Islamophobia, just as a simple letter sent to the post.
After the report published by the HALDE last month pointing out the possible responsibility of the French system of education in the spreading of racist stereotypes; France attracts once again all spotlights with another case of racism. Many cases have already proved that the French government is always keen on legislating new laws said to go towards the French conception of a secular society and against any expression or expansion of Islam. The last two decades are seen by many a Muslim as a period marked with a new form of persecution translated in the government’s discriminatory behaviour towards Islam and the Muslims living in the hexagon. Besides, it clearly appears that the French belief in secularism is too much preventing any efficient form of fight against racism experienced by the French Muslims on the grounds of their religious belief. This voluntary Laissez-faire from the French authorities regarding racist crimes targeting Islam is also seen by many as a get way to attacks against anything that refers to Islam. This might be one of the explanations of the rise of Islamophobic crimes in the country today. If the state and the authorities seem ready to fight against any form of expression of Islam within the country, why could not any common individual try to harm this same religion and its community?
The rights of the Muslim community in France have no doubt become no-defendable causes. As a result, last week, a mosque –the Saint-Priest mosque- in the suburbs of Lyon was once again set on fire without raising any sincere concern from the political elites. Fortunately enough, the crime did not claim any serious casualty; however, it revealed once again that when it comes to Islam in France any criminal act seems to lose the denunciation of atrocity. Earlier in the same month, in the cemetery Notre-Dame-de-Lorette, near Arras 500 Muslim graves were profaned with racist and Islamophobic insults. Last August it was up to the mosque of Meyzieu (Rhône) to be redecorated with the same Islamophobic insults.

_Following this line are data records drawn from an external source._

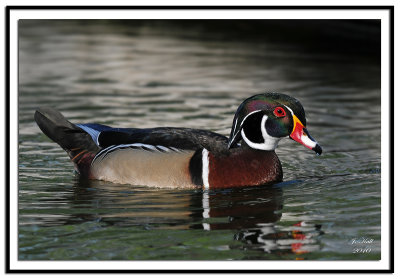 Wood Duck (Male)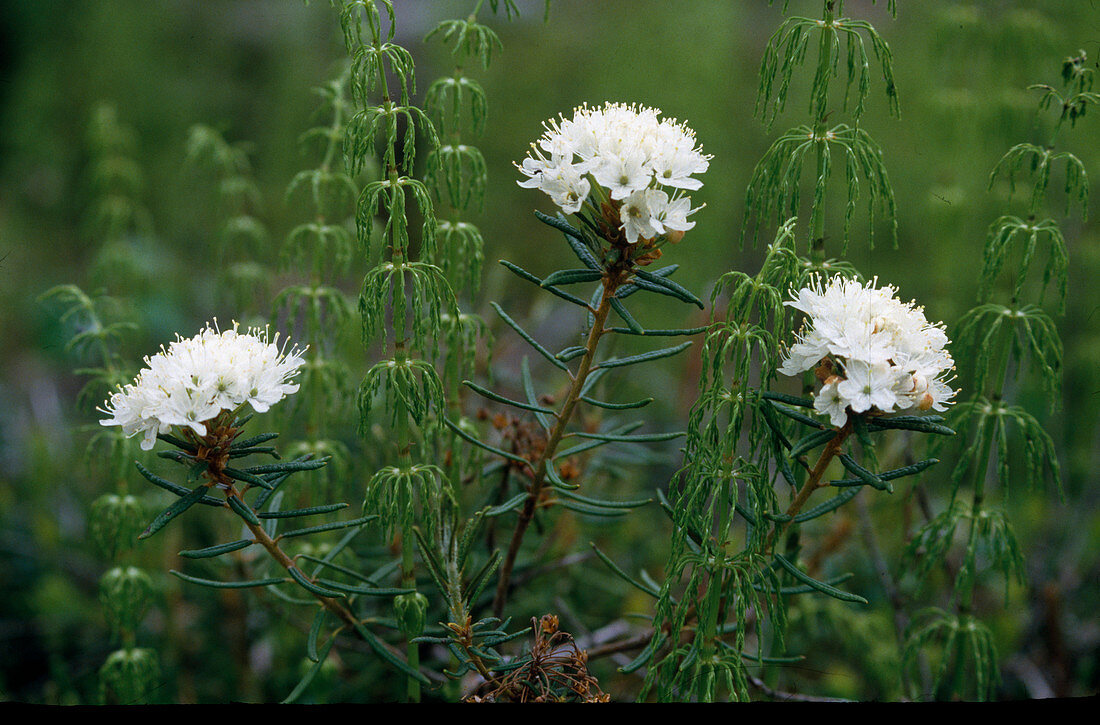 Ledum palustre (marsh spurge), leaves and wood have a strong aromatic resinous scent, camphor-like, repels insects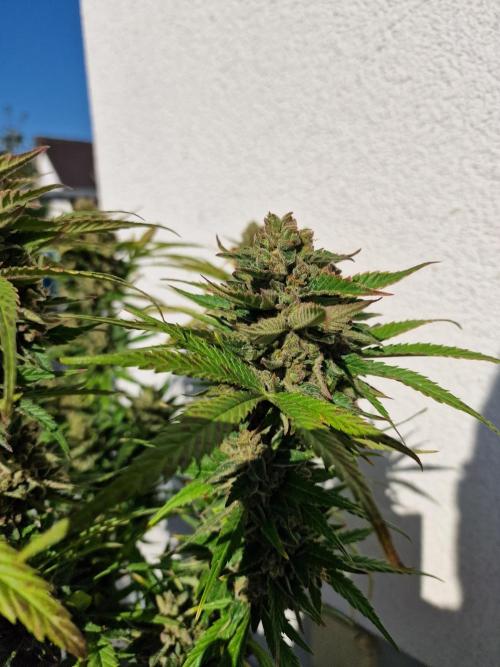 Mendo Frost. Week 12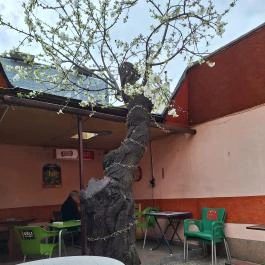 Abasári Borozó, Budapest - Belső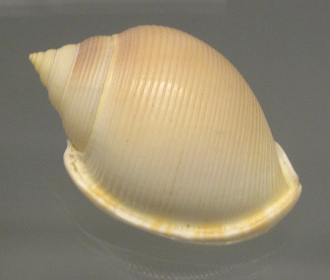 Semicassis bisulcasta diuturna,
                                primer plano 02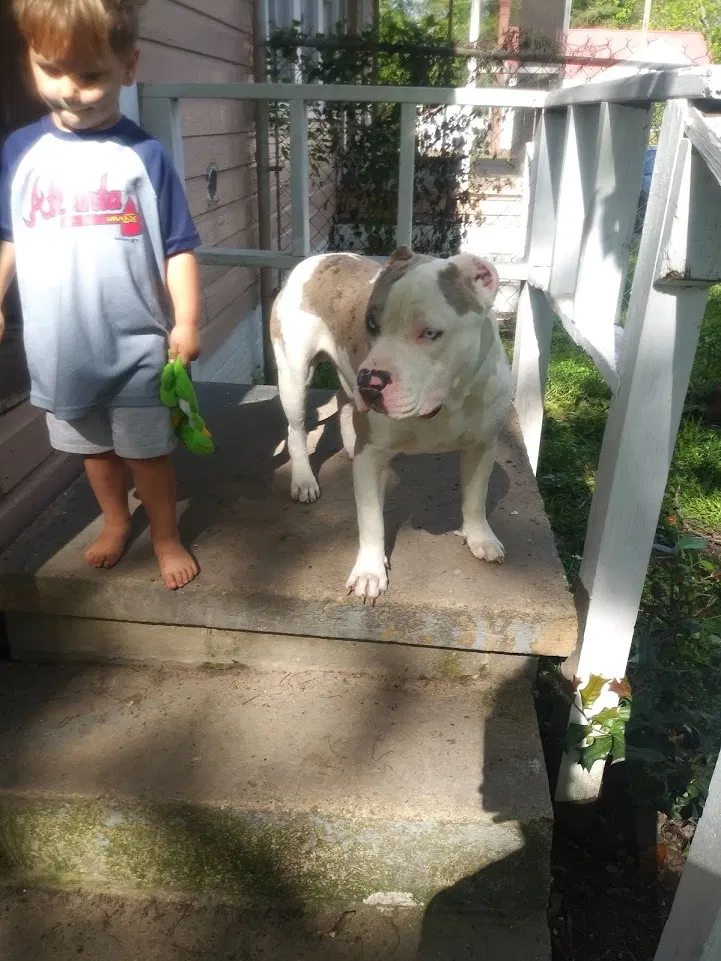 Lost dog in Gadsden, AL, 35901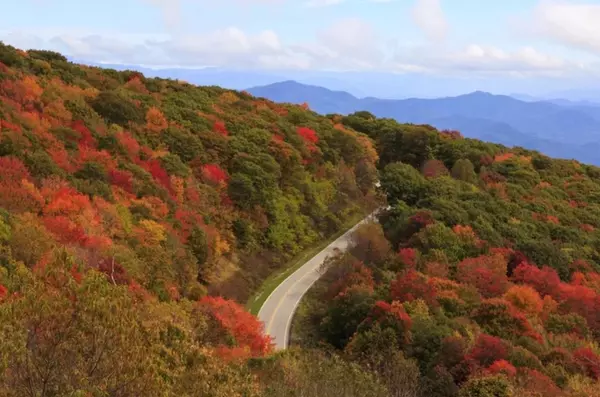 Fall 2024 Housing Market Update: East Tennessee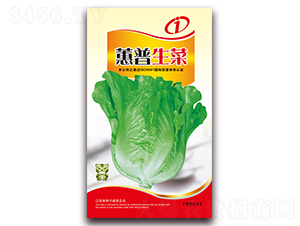 ޥ������-��������-����ũҵ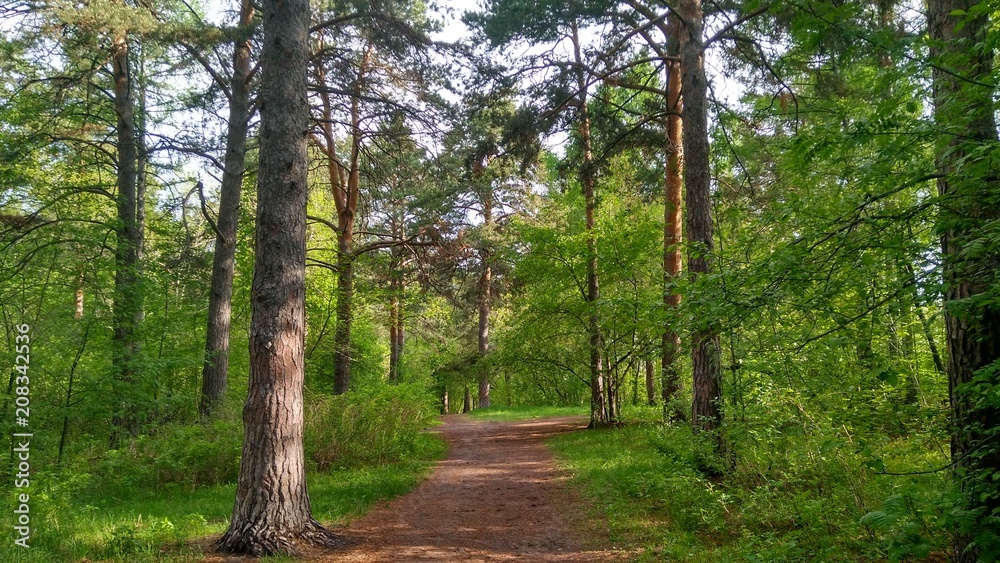 Summer landscape: a forest road through the forest Summer landscape: a forest road through the forest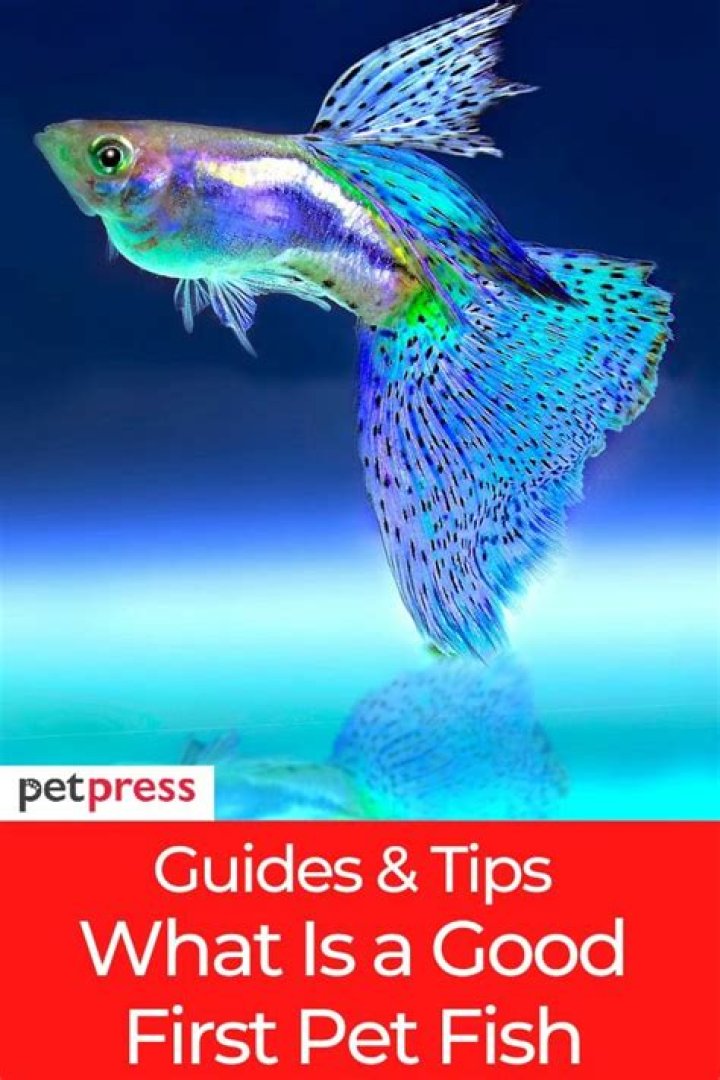 What is a good first pet?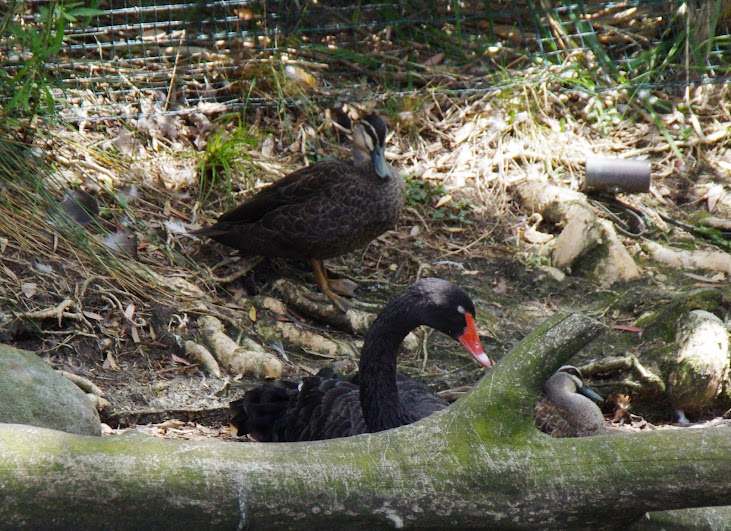 Taronga 2014 - Black Swan and Pacific Black Ducks - old Wetland Birds Lake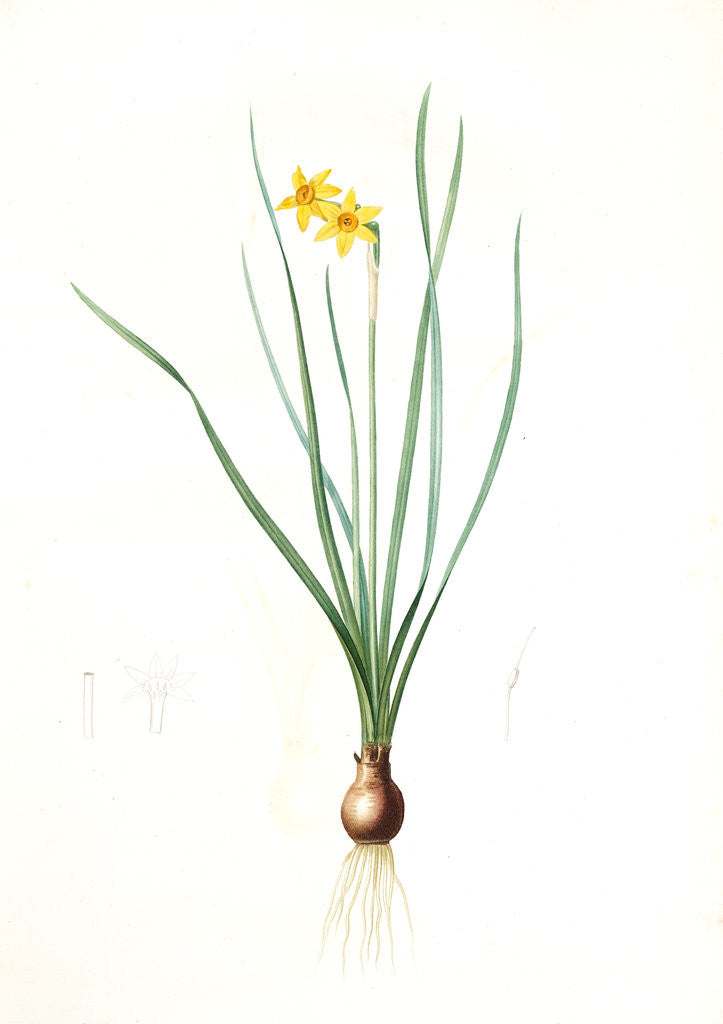 Detail of Narcissus radiatus, Narcissus Tazetta; Narcisse radiê by Pierre Joseph Redouté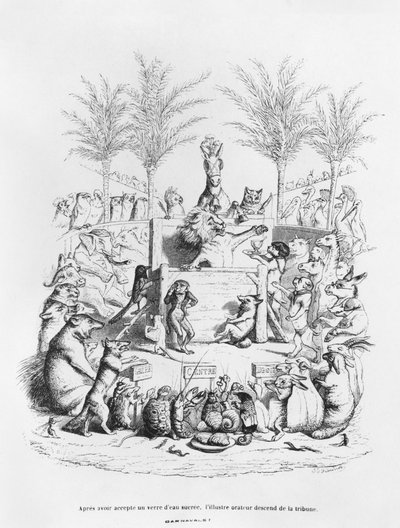 「砂糖水を飲んだ後、有名な雄弁家が台から降りてくる」、「Scenes de la Vie Privee et Publique des Animaux」のイラスト 作： Grandville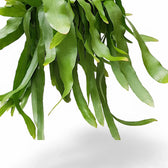 Epiphyllum pumilum – Blattdetail vor weißem Hintergrund..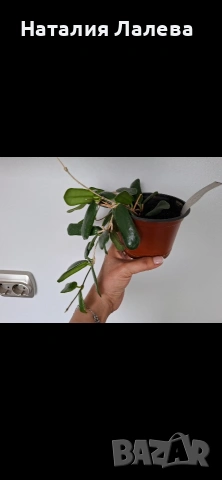 Хоя, hoya Rotundifolia, снимка 3 - Стайни растения - 55232230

As pointed out by Abdelaziz Chaambi of the CRI -La coordination contre le racisme et l’islamophobie-, a Muslim association from Lyon fighting against the different forms of discrimination in France; “what we have been witnessing so far from the elites is just nice speeches and discourses empty of any bill such as those adopted in order to fight against anti-Semitism and revisionism in France”. Unless such laws are finally adopted the perpetrators of such crimes against the Muslim community will feel free and right to act so without the fear of any serious threat of being caught and rightly punished.